= Order by =

SQL clause

An ORDER BY clause in SQL specifies that a SQL SELECT statement returns a result set with the rows being sorted by the values of one or more columns. The sort criteria do not have to be included in the result set (restrictions apply for SELECT DISTINCT, GROUP BY, UNION [DISTINCT], EXCEPT [DISTINCT] and INTERSECT [DISTINCT].) The sort criteria can be expressions, including column names, user-defined functions, arithmetic operations, or CASE expressions. The expressions are evaluated and the results are used for the sorting, i.e., the values stored in the column or the results of the function call.
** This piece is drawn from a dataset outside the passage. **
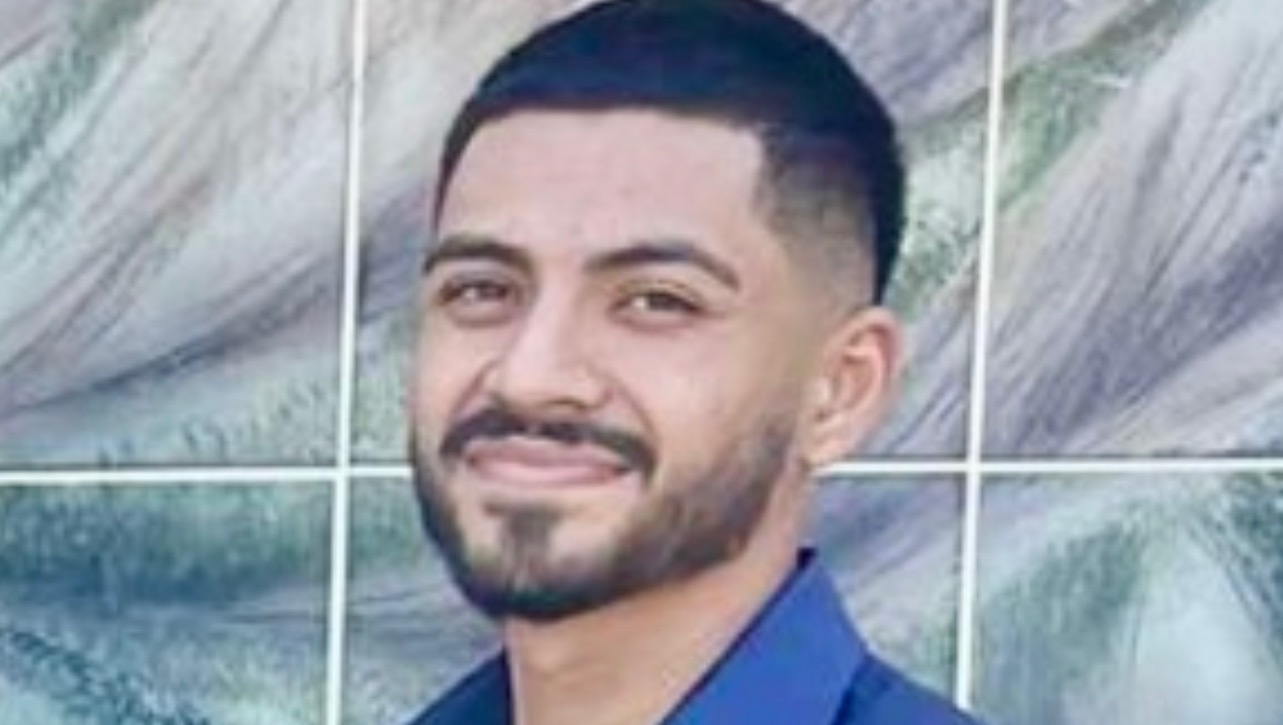 Diego Gonzalez Funeral and Medical Expenses photo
ORDER BY is the only way to sort the rows in the result set. Without this clause, the relational database system may return the rows in any order. If an ordering is required, the ORDER BY must be provided in the SELECT statement sent by the application. Although some database systems allow the specification of an ORDER BY clause in subqueries or view definitions, the presence there has no effect on the final result-set order, but makes sense when combined with a result offset clause or a fetch first clause. A view is a logical relational table, and the relational model mandates that a table is a set of rows, implying no sort order whatsoever. The only exception are constructs like ORDER BY ORDER OF ... (not standardized in SQL:2003) which allow the propagation of sort criteria through nested subqueries.
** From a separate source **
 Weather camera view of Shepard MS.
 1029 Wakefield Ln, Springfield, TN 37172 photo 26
The SQL standard's core functionality does not explicitly define a default sort order for Nulls. With the SQL:2003 extension T611, "Elementary OLAP operations", nulls can be sorted before or after all data values by using the NULLS FIRST or NULLS LAST clauses of the ORDER BY list, respectively. Not all DBMS vendors implement this functionality, however. Vendors who do not implement this functionality may specify different treatments for Null sorting in the DBMS.

Structure ORDER BY ... DESC will order in descending order, otherwise ascending order is used. (The latter may be specified explicitly using ASC.)

== Examples ==

SELECT * FROM Employees
ORDER BY LastName, FirstName

This sorts by the LastName column, then by the FirstName column if LastName matches.